Aditi, I think we are talking about two very different things. Certainly, someone in need of money might prefer to be paid McDonald's wages over no wages at all. My point wasn't really about money, though. My concern is the often irrevocable harm done to a freelancer's reputation when she publicly shows that she values her (just for example) programming work at the same rate that an employer values a 16-year-old sweeping the floor of a retail establishment.

sonnerlotus1
Active Member
Tonya S Member Since: Jun 22, 2017
17 of 19

Aditi J where can I find the upwork webinars you speak of? I would love to attend. Ive nevr heard the mentioned before.

craiggabriel
Community Leader
Craig G Member Since: Jun 20, 2017
18 of 19

I find this a highly interesting and relevant discussion, given where I am in my Upwork career. I recently asked about this very thing in another category of the forums.

 

I can see either side of it. I understand how taking low-paying jobs might get one stuck at that level, and if the alternative was to take high-paying jobs instead, well that would be a no-brainer.
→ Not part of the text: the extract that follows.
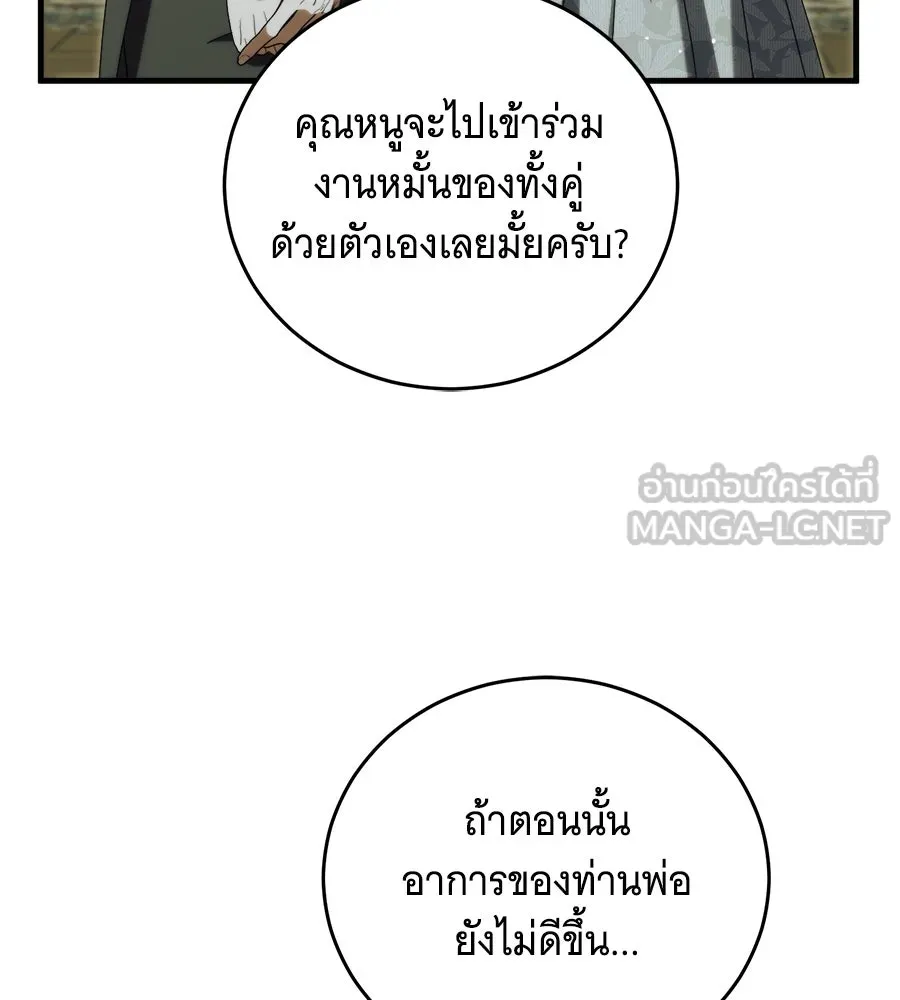 แกล้งตายให้หายแค้น ตอนที่ 37 รูปที่ 90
But as a newbie, it feels like the alternative is to get no jobs.

 

I mean, let’s say I do 10 low-paying jobs just to have some kind of Upwork history and positive feedback to show on my profile. I see how there could be a risk that a high-paying client could look at my profile and think, “This guy works for pennies. He must not be good enough for higher paying projects like mine.” But if I instead had zero jobs in my profile, how would that be more impressive?

 

It just feels like when I go in search of a decent-paying job, I’d rather be able to tell an employer “I worked at McDonald’s for five years for slave wages, and I have references from my manager there stating that I was an excellent employee” than “I’ve never had a job,” not that I’d expect him or her to be particularly impressed by either.

 

So I’m not sure. Right now I’d say I lean toward the view that it’s better to be able to show a work history, even of crappy, low-paying gigs, than to wait to somehow land a decent-paying gig with no prior experience. But I’m persuadable either way.

lysis10
Community Guru
Jennifer M Member Since: May 17, 2015
19 of 19

I remember my dad pointing to McDonald's workers and asking me if I wanted to be a flunkie. He would then tell me if I was a flunkie that's where I'd end up. Thank god for my dad. Cuz now I look at those passionate writers and I just think of my dad. "Do you want to be that? A flunkie? Think of all the cool things you can do and have if you're not a flunkie."  My dad is ace and pretty much the OG pimp of Miami.